◆ WHAT THE EXERCISE ASKS ◆
Print all the entries verbatim.

◆ RECORD SET ◆
■ ■ ■ ■ ■

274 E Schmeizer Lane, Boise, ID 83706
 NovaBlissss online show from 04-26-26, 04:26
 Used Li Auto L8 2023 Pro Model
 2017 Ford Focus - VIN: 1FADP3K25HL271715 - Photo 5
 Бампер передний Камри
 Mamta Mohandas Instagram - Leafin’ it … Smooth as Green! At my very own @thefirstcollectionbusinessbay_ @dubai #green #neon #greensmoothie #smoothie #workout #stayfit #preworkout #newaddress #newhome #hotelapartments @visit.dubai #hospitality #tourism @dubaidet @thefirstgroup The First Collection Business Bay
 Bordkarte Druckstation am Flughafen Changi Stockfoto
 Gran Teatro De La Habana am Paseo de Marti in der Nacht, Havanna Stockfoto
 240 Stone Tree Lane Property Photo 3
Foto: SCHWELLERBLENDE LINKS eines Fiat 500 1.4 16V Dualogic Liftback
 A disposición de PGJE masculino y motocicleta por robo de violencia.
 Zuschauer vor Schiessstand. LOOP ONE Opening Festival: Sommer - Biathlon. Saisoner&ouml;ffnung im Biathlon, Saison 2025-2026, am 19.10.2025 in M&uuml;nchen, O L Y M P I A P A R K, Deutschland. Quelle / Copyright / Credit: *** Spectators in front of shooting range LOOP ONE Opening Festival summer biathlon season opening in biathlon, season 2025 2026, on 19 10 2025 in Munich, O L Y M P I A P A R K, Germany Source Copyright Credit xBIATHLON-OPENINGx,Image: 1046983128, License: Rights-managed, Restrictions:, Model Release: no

■ ■ ■ ■ ■

◆ SOLUTION BELOW ◆
274 E Schmeizer Lane, Boise, ID 83706
 NovaBlissss online show from 04-26-26, 04:26
 Used Li Auto L8 2023 Pro Model
 2017 Ford Focus - VIN: 1FADP3K25HL271715 - Photo 5
 Бампер передний Камри
 Mamta Mohandas Instagram - Leafin’ it … Smooth as Green! At my very own @thefirstcollectionbusinessbay_ @dubai #green #neon #greensmoothie #smoothie #workout #stayfit #preworkout #newaddress #newhome #hotelapartments @visit.dubai #hospitality #tourism @dubaidet @thefirstgroup The First Collection Business Bay
 Bordkarte Druckstation am Flughafen Changi Stockfoto
 Gran Teatro De La Habana am Paseo de Marti in der Nacht, Havanna Stockfoto
 240 Stone Tree Lane Property Photo 3
Foto: SCHWELLERBLENDE LINKS eines Fiat 500 1.4 16V Dualogic Liftback
 A disposición de PGJE masculino y motocicleta por robo de violencia.
 Zuschauer vor Schiessstand. LOOP ONE Opening Festival: Sommer - Biathlon. Saisoner&ouml;ffnung im Biathlon, Saison 2025-2026, am 19.10.2025 in M&uuml;nchen, O L Y M P I A P A R K, Deutschland. Quelle / Copyright / Credit: *** Spectators in front of shooting range LOOP ONE Opening Festival summer biathlon season opening in biathlon, season 2025 2026, on 19 10 2025 in Munich, O L Y M P I A P A R K, Germany Source Copyright Credit xBIATHLON-OPENINGx,Image: 1046983128, License: Rights-managed, Restrictions:, Model Release: no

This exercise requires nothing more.